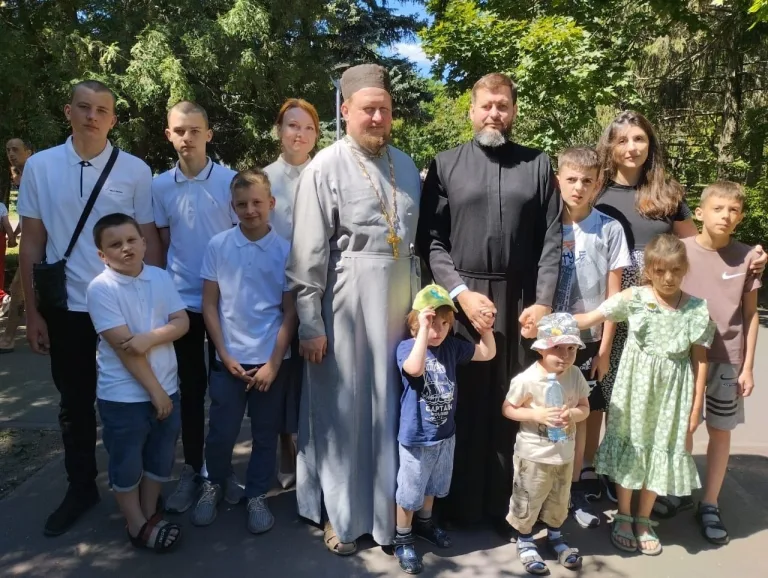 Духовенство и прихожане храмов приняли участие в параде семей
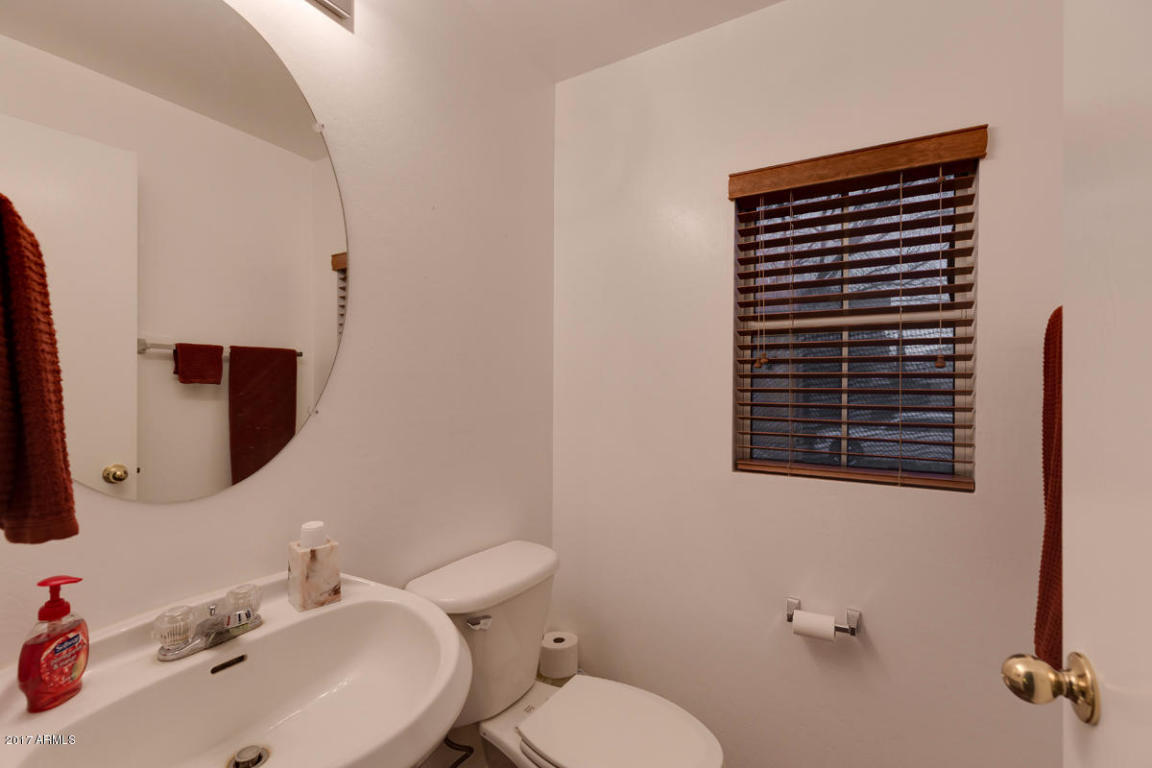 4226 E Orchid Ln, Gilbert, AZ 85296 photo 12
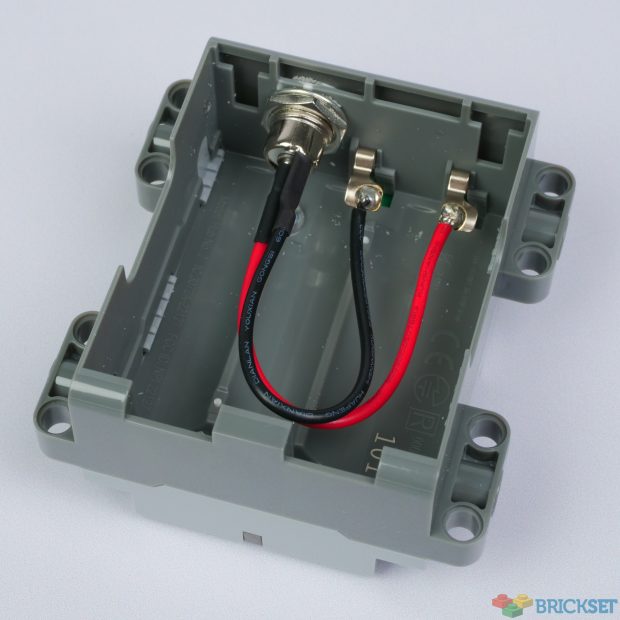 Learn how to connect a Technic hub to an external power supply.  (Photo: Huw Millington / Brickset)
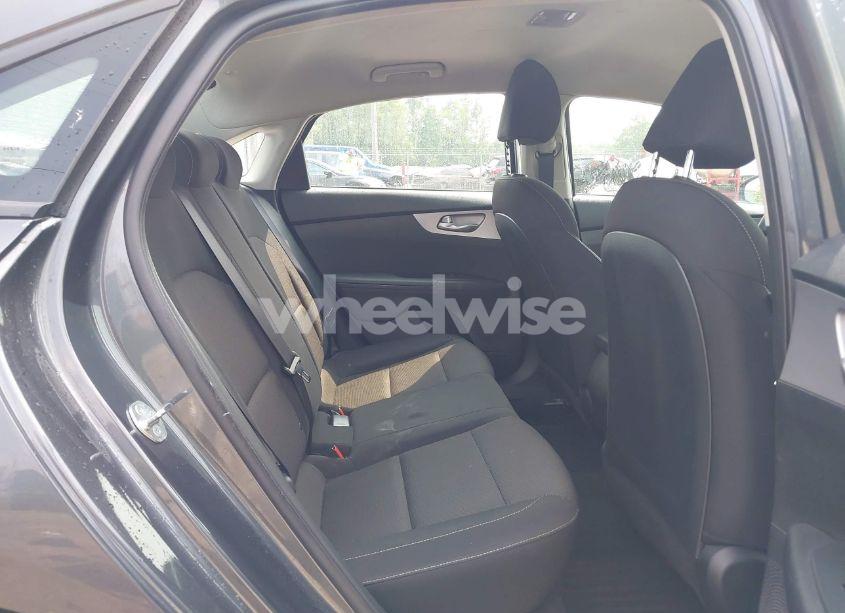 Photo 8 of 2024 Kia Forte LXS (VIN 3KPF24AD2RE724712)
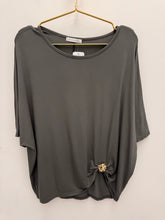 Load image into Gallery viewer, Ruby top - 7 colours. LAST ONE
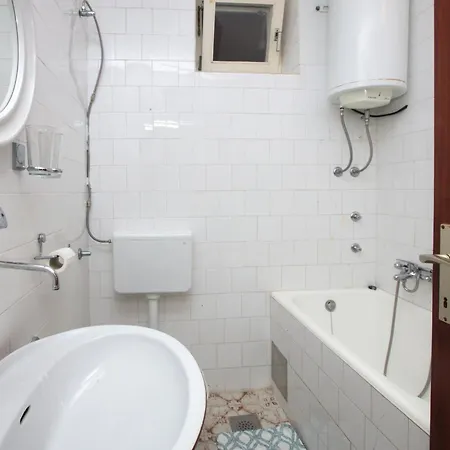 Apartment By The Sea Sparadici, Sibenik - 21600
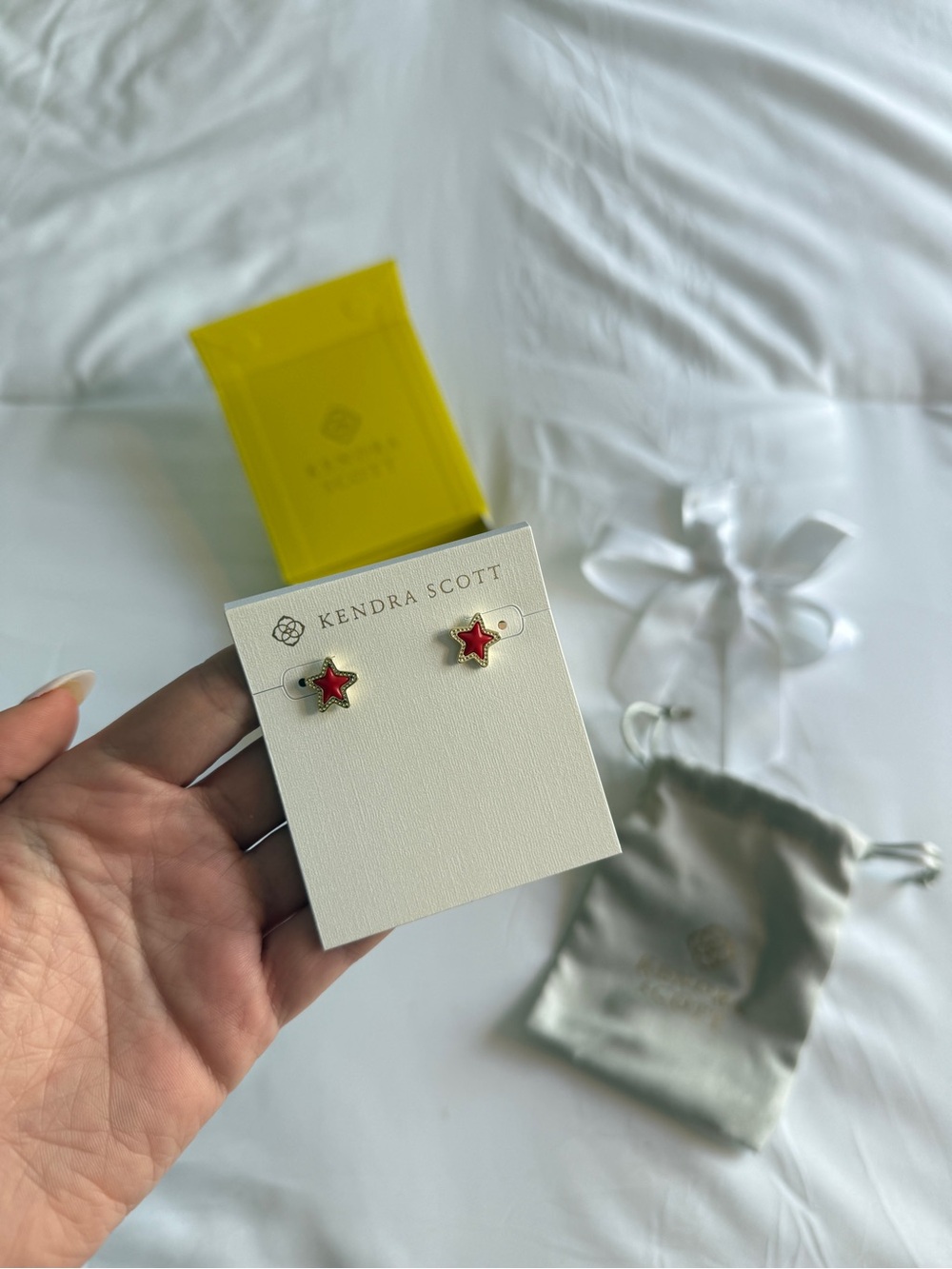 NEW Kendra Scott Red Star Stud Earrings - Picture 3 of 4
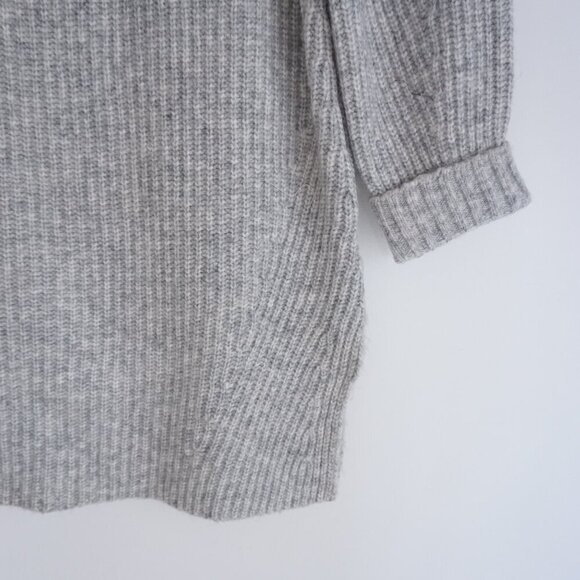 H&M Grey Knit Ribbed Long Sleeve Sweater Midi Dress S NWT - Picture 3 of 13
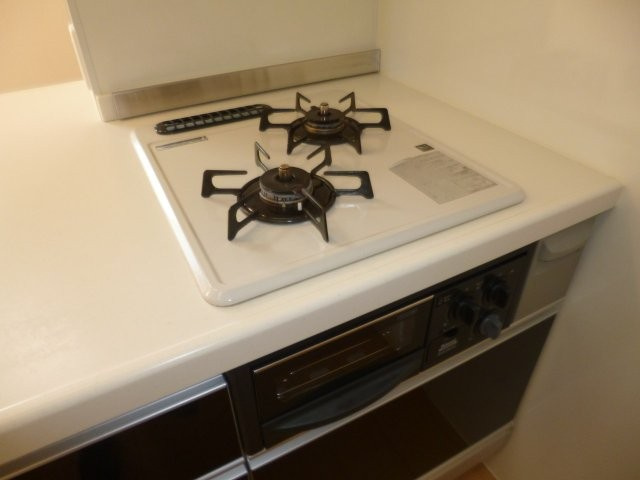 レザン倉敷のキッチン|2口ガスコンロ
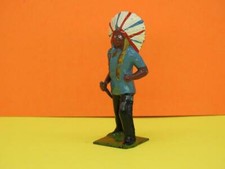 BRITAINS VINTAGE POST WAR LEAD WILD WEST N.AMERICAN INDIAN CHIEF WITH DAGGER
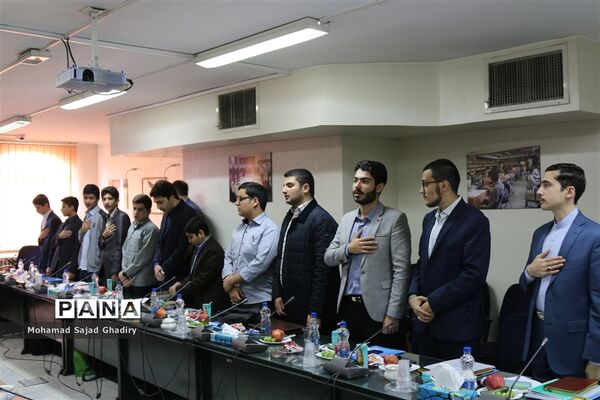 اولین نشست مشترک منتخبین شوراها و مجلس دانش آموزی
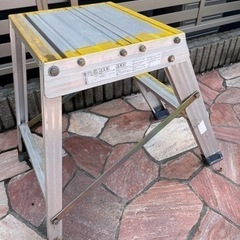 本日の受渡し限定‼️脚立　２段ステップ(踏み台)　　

— Activity —
Where the line holding "H&M Grey Knit" appears, start copying, and continue exactly through the last line of the listing, both ends included, skipping the pictures.

— Reply to the task —
 H&M Grey Knit Ribbed Long Sleeve Sweater Midi Dress S NWT - Picture 3 of 13
 レザン倉敷のキッチン|2口ガスコンロ
 BRITAINS VINTAGE POST WAR LEAD WILD WEST N.AMERICAN INDIAN CHIEF WITH DAGGER
 اولین نشست مشترک منتخبین شوراها و مجلس دانش آموزی
 本日の受渡し限定‼️脚立　２段ステップ(踏み台)　　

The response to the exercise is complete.